Whether taking professional candids at events or family snapshots at parties, the winter season means an abundance of holiday festivities, and that also means more photos taken indoors. It’s important in these situations to be able to move quickly on your feet while dealing with low light and tight quarters, and a quality standard zoom that starts wide will cover many of the unique compositional needs working in environments where close-ups matter as much as being able to capture the full view of the scene. 

Most standard zooms start wide in the 24mm to 28mm range, but choosing how much to spend will influence how far into the telephoto range a standard zoom will go. While a longer focal range definitely will cost more, nine times out of 10, having that extra throw will make the difference between missing a photographic opportunity and catching it. Your zoom can move much faster than your feet, after all. 

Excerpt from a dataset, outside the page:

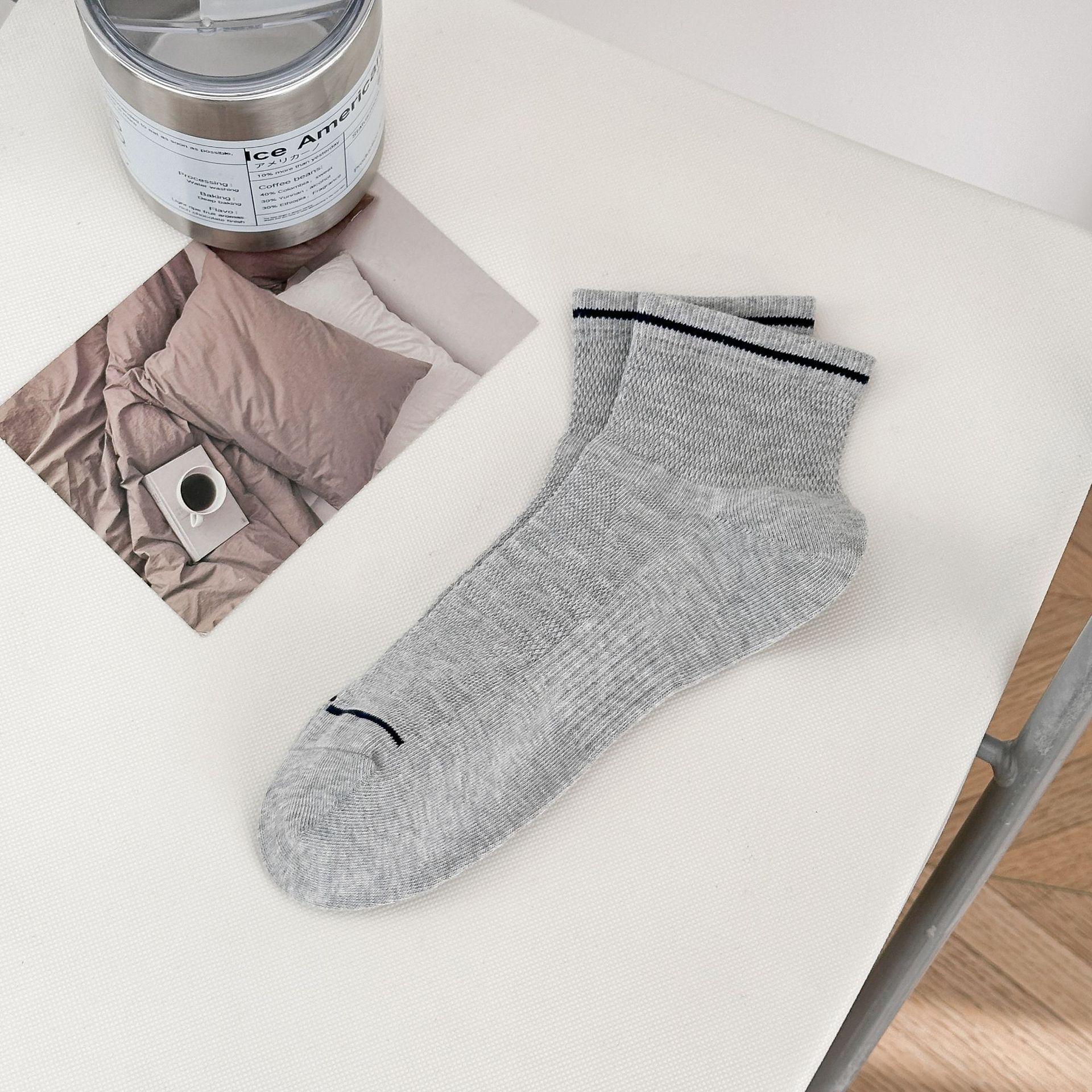Spring/Summer Breathable Mesh Seamless Ankle Cotton Socks - Men s Casual One Size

Another important consideration is the aperture of the lens. Remember that large apertures will provide you with faster shutter speeds for working in dimly lit interiors, and they also will bring a nicer bokeh to images, especially with backgrounds that often include festive lights.


Canon
With a rumored replacement imminent for the popular 24-70mm ƒ/2.8L, the EF 24-105mm ƒ/4L IS USM wide-angle to portrait-length telephoto zoom from Canon might be a better choice for photographers looking to make a purchase now. The lens extends an extra 35mm over the focal range of the 24-70mm, and though you lose a stop of light from the 24-70mmƒ/2.8L, you also spend $200 less for a much longer zoom. The 24-105mm sports IS Image Stabilizer Technology for up to three stops of shake reduction. (The 24-70mm replacement is expected to offer image stabilization, as well, but the current model doesn’t have it.) Lens construction features one Super-UD glass element with three aspherical lenses for minimizing chromatic aberration and distortion throughout the zoom range. The ring-type USM (Ultrasonic Motor) provides autofocus with an exterior switch for quickly switching to manual focus. On sub-full-frame APS-C cameras, the 24-105mm translates to about a 38-170mm range. List Price: $1,249.


Nikon
The new AF-S NIKKOR 24-120mm ƒ/4G ED VR standard zoom offers a fixed aperture in a big 5x zoom. Nikon’s VR II (Vibration Reduction) image stabilization helps to reduce camera shake by up to four stops, making it an ideal choice for handheld shots and quick framing. Nikon is known for excellent autofocusing capabilities in its cameras, and the Silent Wave Motor in the 24-120mm provides fast and quiet autofocus. There’s also an M/A Focus switch for disengaging autofocus to manual. The lens includes two Extra-low Dispersion ED elements and three aspherical lens elements for minimizing chromatic and other kinds of aberration, as well as a Nano Crystal Coat for reducing ghosting and interior flare and a Super Integrated Coating (SIC) for enhancing light transmission efficiency. The versatile lens provides a 35mm equivalent of 36-168mm when used with Nikon’s sub-full-frame cameras. List Price: $1,299. 


Olympus (Four Thirds)
The Zuiko Digital ED 12-60mm ƒ/2.8-4.0 SWD for Four Thirds cameras is compatible with the E-mount of Olympus cameras, as well as Panasonic’s LUMIX DMC-L1, L10 and Leica’s Digilux 3. Four Thirds mounts provide a doubled focal range thanks to the size of the Four Thirds sensor, which means that the seemingly conservative 12-60mm lens is the equivalent of a healthy 24-120mm zoom. (Though the sensor size is the same and the focal range is also doubled, the Four Thirds System is not to be confused with the newer Micro Four Thirds mirrorless mount. Four Thirds lenses can be used with Micro Four Thirds bodies via an adapter, however.) Olympus’ very fast SWD Supersonic Wave Drive autofocusing system was introduced with the 12-60mm, and the lens is ideal for close-ups, too, with a minimum focusing distance of less than 10 inches. The lens works with Olympus’ In-body Image Stabilization for up to five shutter speed stops of blur compensation. List Price: $999. 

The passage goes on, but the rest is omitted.